_The problem_.
Each record is to be printed again exactly, though not its pictures.

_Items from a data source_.
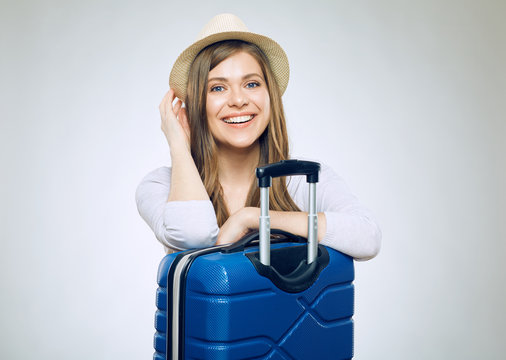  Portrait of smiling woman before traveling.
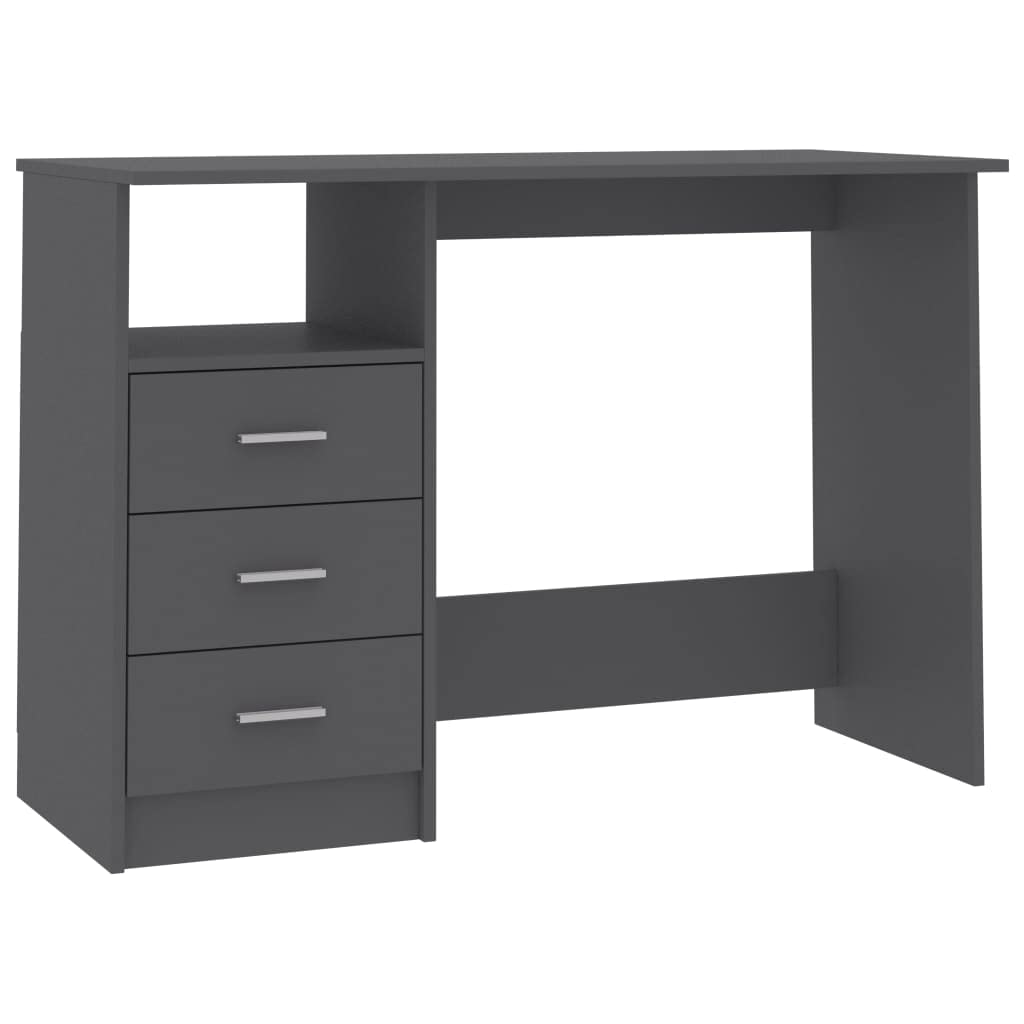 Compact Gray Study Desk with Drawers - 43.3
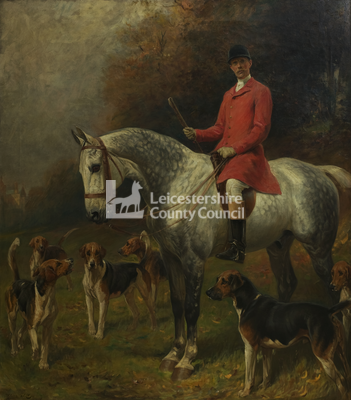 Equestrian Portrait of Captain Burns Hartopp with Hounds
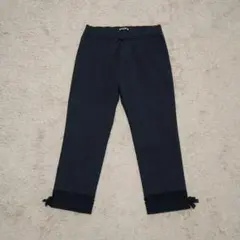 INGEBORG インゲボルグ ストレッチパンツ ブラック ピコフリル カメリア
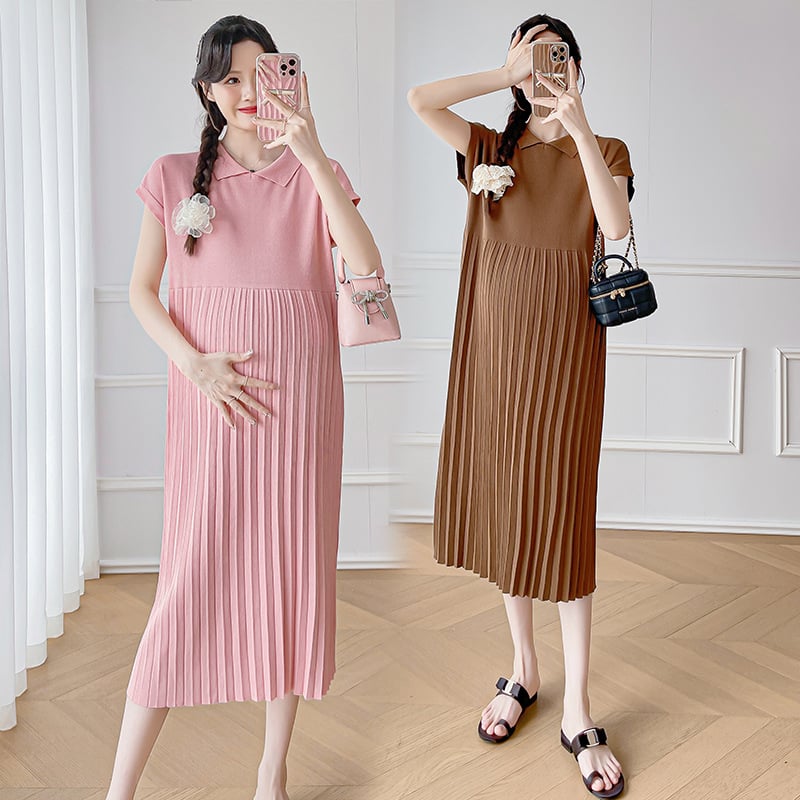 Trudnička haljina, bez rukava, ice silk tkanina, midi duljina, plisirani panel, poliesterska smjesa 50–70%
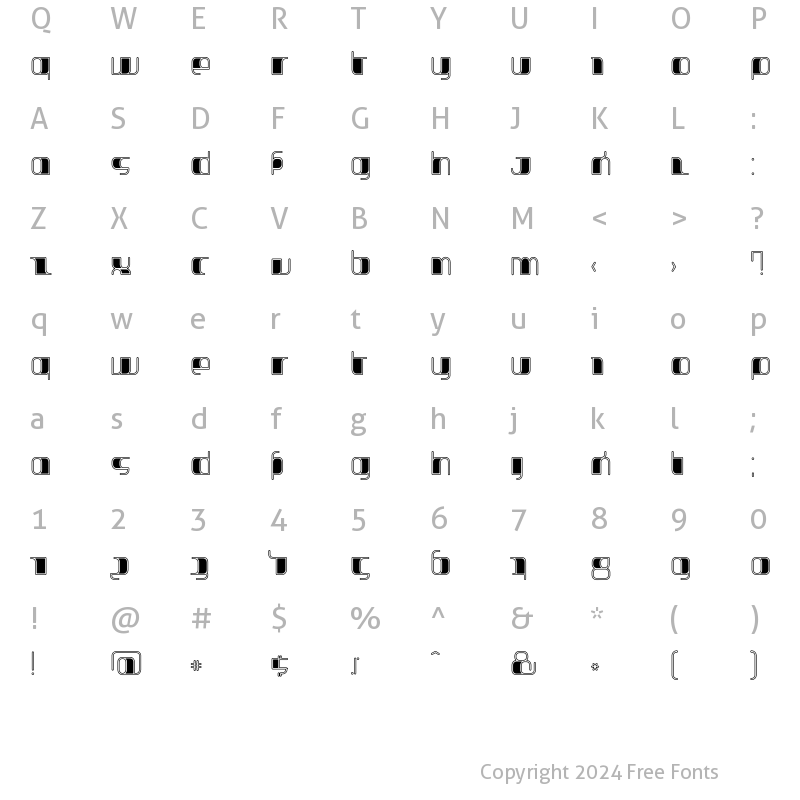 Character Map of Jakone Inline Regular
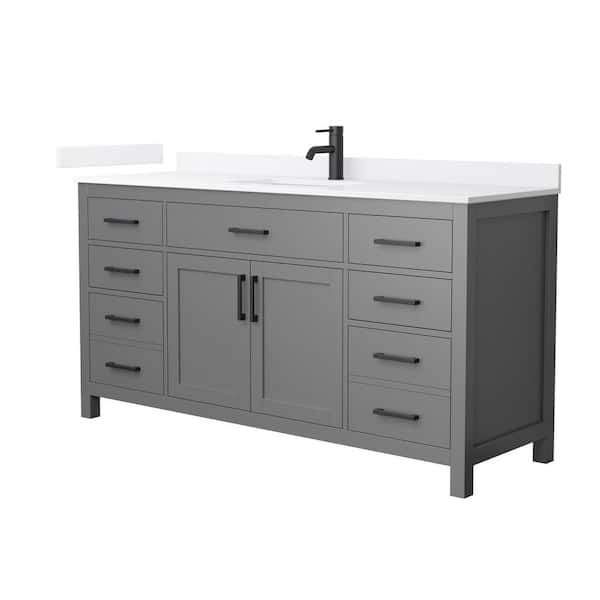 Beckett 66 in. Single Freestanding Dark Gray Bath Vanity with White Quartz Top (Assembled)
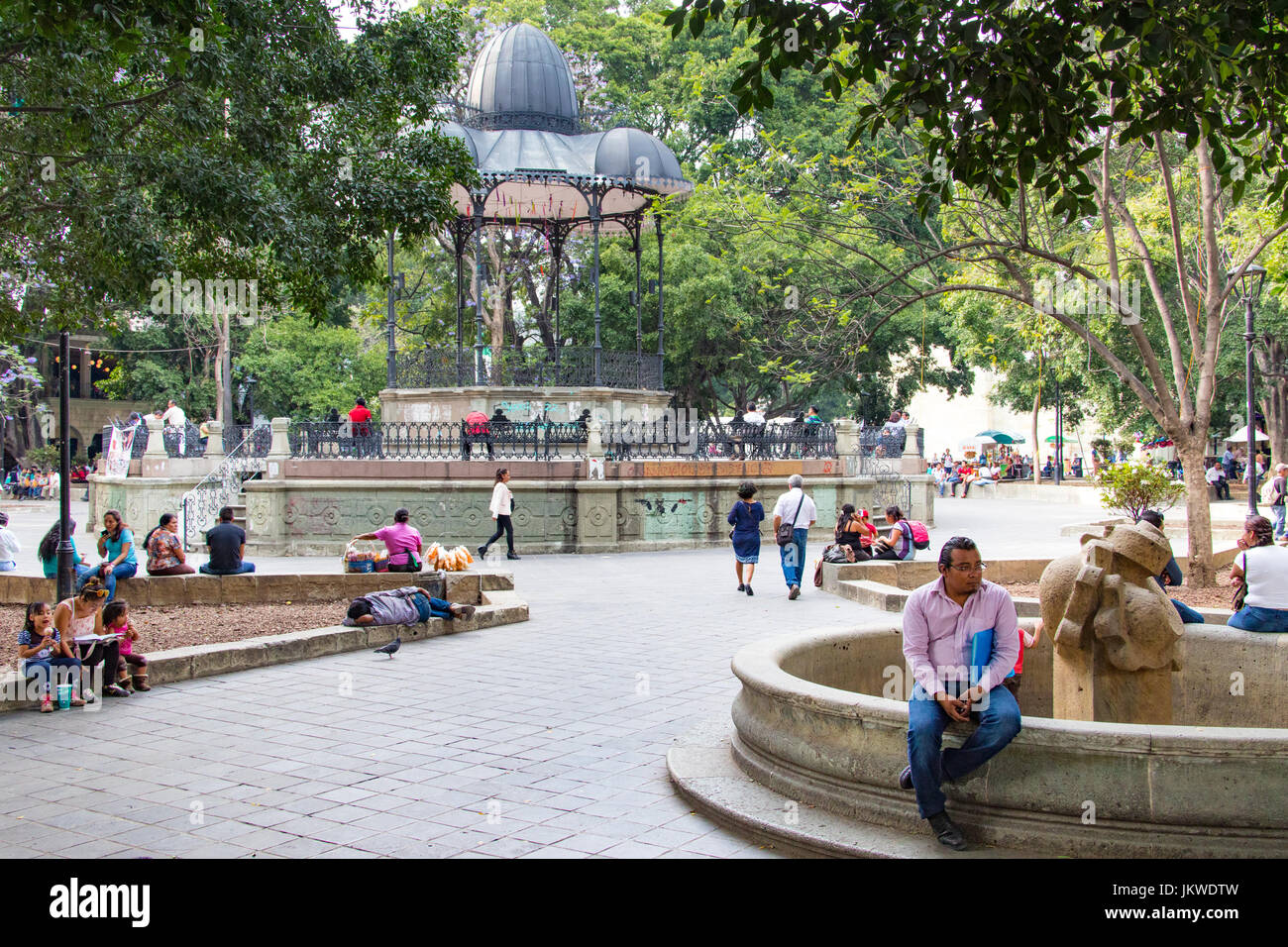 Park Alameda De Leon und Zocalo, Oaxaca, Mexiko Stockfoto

_Exercise response_.
  Portrait of smiling woman before traveling.
 Compact Gray Study Desk with Drawers - 43.3
 Equestrian Portrait of Captain Burns Hartopp with Hounds
 INGEBORG インゲボルグ ストレッチパンツ ブラック ピコフリル カメリア
 Trudnička haljina, bez rukava, ice silk tkanina, midi duljina, plisirani panel, poliesterska smjesa 50–70%
 Character Map of Jakone Inline Regular
 Beckett 66 in. Single Freestanding Dark Gray Bath Vanity with White Quartz Top (Assembled)
 Park Alameda De Leon und Zocalo, Oaxaca, Mexiko Stockfoto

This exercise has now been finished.